El abandono escolar preocupa en todo el mundo. Técnicamente es un modo de medir la situación educativa de una nación, utilizado en toda la Unión Europea a partir de la Conferencia de Lisboa del año 2000. Es el porcentaje de jóvenes de 18 a 24 años que han alcanzado como máximo la educación secundaria inferior (obligatoria) y no continúan estudiando o formándose a fin de alcanzar el nivel que para el siglo XXI se ha definido como deseable: la educación secundaria superior (postobligatoria). En España, tradicionalmente se ha medido el "fracaso escolar", es decir, el número de alumnos que no consigue alcanzar los niveles exigidos en la educación secundaria obligatoria. Pero en el resto de Europa se prefiere medir el éxito educativo, considerado como la tasa de acceso a la educación secundaria superior. Sin embargo, conviene tener presente también los datos del fracaso escolar, si queremos tomar medidas eficaces, porque es evidente su enorme influencia en el abandono. En nuestro país, a principios de los 90 era del cuarenta por ciento, y desde mediados de esa década nos hemos estancado alrededor del 30-31 %, sin que las sucesivas reformas educativas hayan servido para reducir esa cifra, que está escandalosamente lejos del 10% marcado por la Unión europea. Sin embargo, el hecho de que haya comunidades como el País Vasco o Asturias con un 16 %, mientras otras como Valencia con un 37 y Baleares con un 40, muestra que el problema puede tratarse con mayor o menor eficacia.

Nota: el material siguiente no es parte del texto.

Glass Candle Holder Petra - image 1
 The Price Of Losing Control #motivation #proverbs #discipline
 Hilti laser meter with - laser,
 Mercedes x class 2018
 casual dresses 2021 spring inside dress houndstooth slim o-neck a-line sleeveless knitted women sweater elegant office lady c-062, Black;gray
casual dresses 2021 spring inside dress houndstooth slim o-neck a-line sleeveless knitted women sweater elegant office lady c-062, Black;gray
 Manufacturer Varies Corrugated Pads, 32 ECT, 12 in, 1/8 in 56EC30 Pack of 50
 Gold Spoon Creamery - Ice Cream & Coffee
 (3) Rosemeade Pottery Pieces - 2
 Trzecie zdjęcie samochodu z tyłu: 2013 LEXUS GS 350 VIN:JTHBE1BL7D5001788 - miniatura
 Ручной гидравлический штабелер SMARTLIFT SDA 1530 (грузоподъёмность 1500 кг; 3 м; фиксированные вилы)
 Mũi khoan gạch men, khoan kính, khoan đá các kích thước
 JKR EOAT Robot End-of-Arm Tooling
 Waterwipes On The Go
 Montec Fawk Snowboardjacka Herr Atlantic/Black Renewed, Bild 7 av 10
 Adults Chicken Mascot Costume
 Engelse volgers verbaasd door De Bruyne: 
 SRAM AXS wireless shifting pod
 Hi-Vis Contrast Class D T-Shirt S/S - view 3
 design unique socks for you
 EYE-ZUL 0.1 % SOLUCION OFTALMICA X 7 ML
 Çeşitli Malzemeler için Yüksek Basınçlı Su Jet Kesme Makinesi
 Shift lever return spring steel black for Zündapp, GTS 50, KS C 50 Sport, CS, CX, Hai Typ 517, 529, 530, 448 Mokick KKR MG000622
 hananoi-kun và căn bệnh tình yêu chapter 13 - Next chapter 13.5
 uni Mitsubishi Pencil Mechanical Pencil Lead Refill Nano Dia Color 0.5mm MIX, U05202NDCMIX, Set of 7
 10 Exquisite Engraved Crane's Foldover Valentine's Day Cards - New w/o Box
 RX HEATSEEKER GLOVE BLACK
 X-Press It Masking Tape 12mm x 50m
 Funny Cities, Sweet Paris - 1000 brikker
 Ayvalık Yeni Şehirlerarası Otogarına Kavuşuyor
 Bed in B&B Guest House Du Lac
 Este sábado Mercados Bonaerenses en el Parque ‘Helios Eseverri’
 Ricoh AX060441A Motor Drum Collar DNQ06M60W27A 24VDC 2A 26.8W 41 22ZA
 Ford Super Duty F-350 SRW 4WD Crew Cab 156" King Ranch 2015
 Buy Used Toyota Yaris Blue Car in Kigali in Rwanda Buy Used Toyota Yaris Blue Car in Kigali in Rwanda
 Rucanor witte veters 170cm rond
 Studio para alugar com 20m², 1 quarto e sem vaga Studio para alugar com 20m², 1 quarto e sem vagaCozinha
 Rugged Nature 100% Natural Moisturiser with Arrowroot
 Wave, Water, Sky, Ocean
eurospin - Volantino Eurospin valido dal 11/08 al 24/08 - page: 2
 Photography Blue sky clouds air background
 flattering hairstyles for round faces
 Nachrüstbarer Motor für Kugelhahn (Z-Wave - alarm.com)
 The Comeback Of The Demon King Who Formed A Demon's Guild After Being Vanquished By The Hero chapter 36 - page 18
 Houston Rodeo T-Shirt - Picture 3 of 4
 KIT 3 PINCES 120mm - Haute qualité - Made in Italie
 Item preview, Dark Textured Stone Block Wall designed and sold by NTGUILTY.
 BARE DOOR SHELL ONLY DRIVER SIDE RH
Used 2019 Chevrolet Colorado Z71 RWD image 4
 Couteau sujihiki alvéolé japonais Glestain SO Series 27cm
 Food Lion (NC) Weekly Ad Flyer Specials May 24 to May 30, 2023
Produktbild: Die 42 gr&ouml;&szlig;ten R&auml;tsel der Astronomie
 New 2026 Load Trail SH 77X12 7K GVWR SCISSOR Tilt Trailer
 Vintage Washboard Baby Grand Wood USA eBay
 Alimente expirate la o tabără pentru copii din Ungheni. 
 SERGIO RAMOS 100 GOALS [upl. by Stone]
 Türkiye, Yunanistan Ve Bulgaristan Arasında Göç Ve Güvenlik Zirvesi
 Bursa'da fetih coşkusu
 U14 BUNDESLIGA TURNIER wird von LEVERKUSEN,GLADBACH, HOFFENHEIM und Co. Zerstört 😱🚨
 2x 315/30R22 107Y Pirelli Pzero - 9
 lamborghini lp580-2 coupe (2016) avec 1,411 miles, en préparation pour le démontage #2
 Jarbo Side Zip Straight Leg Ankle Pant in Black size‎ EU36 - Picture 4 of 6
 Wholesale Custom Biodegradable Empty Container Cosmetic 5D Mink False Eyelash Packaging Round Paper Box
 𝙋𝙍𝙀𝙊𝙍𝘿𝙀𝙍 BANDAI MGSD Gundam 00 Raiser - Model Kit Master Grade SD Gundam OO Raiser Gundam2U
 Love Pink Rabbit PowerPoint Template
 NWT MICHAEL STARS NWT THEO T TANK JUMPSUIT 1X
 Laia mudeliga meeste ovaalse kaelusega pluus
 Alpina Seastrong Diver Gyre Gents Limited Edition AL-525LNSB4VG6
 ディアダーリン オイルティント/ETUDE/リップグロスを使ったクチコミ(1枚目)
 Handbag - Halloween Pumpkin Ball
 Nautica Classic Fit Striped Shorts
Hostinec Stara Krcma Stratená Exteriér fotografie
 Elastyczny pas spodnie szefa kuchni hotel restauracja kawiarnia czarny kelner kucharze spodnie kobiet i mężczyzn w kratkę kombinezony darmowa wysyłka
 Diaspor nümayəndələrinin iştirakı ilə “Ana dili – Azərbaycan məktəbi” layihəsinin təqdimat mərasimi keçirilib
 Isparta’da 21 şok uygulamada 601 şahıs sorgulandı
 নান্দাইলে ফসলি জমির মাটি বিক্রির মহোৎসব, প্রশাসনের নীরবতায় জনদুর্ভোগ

Numerosas investigaciones han estudiado los distintos factores psicológicos, sociales, económicos que influyen en el abandono, pero a la vista de que esos datos no nos han ayudado a resolver el problema, intentaré un enfoque distinto, considerando que lo que hay que explicar no es el abandono, sino, al contrario, la asistencia a la escuela, la prolongación de los estudios. Parto de una constatación muy elemental: estudiar e ir a la escuela no es un deseo natural -como jugar, estar con los amigos, o dedicarse a las aficiones personales- , y por lo tanto hay que averiguar las causas de ese comportamiento contracorriente, para intentar extenderlo a toda la población joven. Además, como activista educativo, me interesa ir más allá del mero análisis sociológico y proponer soluciones.
Así pues, la pregunta esencial es: ¿Por qué continúa sus estudios un adolescente? Las respuestas más frecuentes son las que siguen:
  1. Le gusta estudiar.
  2. No le gusta estudiar, pero ve que es la única posibilidad de tener un trabajo decente o de alcanzar un estatus social aceptable.
  3. No le gusta estudiar, no le preocupa todavía el futuro, pero lo hace por presión familiar o del entorno social más próximo.
  4. No le gusta estudiar, no le preocupa todavía el futuro, no tiene presión familiar, pero le parece la mejor manera de pasar el tiempo.
  5. No le gusta estudiar, quiere trabajar, pero no encuentra un trabajo y vuelve a los estudios.